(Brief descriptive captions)
####################
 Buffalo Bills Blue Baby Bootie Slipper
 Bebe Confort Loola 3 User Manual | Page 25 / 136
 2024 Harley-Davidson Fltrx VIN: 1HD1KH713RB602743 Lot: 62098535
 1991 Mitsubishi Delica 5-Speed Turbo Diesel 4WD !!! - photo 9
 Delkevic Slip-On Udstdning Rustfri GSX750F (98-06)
####################
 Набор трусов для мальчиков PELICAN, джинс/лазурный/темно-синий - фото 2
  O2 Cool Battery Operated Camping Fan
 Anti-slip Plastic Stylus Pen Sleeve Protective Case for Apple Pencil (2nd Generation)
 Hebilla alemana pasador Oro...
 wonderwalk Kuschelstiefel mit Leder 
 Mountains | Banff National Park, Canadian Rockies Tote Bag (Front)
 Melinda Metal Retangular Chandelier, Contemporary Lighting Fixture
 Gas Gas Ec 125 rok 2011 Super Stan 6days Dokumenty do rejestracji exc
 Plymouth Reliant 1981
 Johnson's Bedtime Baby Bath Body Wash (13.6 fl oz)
####################
Copy each line of the data that includes the word "Baby".

 Buffalo Bills Blue Baby Bootie Slipper
 Johnson's Bedtime Baby Bath Body Wash (13.6 fl oz)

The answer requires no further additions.